Hirtomurex squamosus is a species of sea snail, a marine gastropod mollusc in the family Muricidae, the murex snails or rock snails.

==List of synonyms==
- Coralliophila alucoides (Blainville, 1829)
- Coralliophila alucoides curta Settepassi, 1977 (not available, published in a work which does not consistently use binomial nomenclature (ICZN art. 11.4))
- Coralliophila alucoides depressa Settepassi, 1977 (not available, published in a work which does not consistently use binomial nomenclature (ICZN art. 11.4))
- Coralliophila alucoides modesta Settepassi, 1977 (not available, published in a work which does not consistently use binomial nomenclature (ICZN art. 11.4))
- Coralliophila alucoides squamulata Settepassi, 1977 (not available, published in a work which does not consistently use binomial nomenclature (ICZN art. 11.4))

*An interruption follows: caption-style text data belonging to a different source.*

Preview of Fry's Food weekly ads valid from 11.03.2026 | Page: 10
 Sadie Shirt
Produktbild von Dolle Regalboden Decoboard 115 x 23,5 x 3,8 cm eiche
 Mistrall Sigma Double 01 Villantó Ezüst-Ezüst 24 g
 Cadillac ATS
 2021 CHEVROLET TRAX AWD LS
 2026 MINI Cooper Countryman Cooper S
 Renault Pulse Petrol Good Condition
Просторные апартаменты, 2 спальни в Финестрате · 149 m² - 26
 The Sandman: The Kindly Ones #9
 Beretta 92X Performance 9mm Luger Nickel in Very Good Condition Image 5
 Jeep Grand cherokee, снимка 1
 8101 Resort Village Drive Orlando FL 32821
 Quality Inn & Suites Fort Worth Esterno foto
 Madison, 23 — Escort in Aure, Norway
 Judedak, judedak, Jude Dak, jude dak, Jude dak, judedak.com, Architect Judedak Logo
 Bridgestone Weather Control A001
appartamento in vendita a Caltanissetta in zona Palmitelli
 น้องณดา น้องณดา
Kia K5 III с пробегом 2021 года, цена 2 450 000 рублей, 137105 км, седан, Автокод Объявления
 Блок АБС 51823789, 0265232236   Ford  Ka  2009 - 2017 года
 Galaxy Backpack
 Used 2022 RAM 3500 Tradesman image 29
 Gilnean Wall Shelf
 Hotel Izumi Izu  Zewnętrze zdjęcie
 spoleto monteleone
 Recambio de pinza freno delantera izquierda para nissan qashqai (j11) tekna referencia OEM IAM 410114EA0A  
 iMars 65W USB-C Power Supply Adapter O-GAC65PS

- Coralliophila lamellosa (Philippi, 1836)
- Coralliophila lamellosa elongata Settepassi, 1977 (not available, published in a work which does not consistently use binomial nomenclature (ICZN art. 11.4))
- Coralliophila lamellosa inflata Settepassi, 1977 (not available, published in a work which does not consistently use binomial nomenclature (ICZN art. 11.4))
- Coralliophila squamosa (Bivona Ant. in Bivona And., 1838)
- Coralliophila turris Settepassi, 1977 (not available, published in a work which does not consistently use binomial nomenclature (ICZN art. 11.4))
- Fusus craticulatus var. pianosana Sturany, 1896
- Fusus lamellosus Philippi, 1836 ex de Cristofori and Jan ms
- Fusus squamosus Bivona Ant. in Bivona And., 1838
- Fusus squamulosus Philippi, 1836
- Murex alucoides Blainville, 1829
- Ocinebrina ruderata pianosana Settepassi, 1977 (not available, published in a work which does not consistently use binomial nomenclature (ICZN art. 11.4))
- ? Pseudomurex monterosatoi Locard, 1897
- ? Pseudomurex perfectus Fischer P., 1883
- ? Pseudomurex ruderatus Sturany, 1896 ex Monterosato ms.

==Distribution==
This species occurs in the North Atlantic Ocean, in the Mediterranean Sea off Greece and Corsica; in the Caribbean Sea and in the Gulf of Mexico.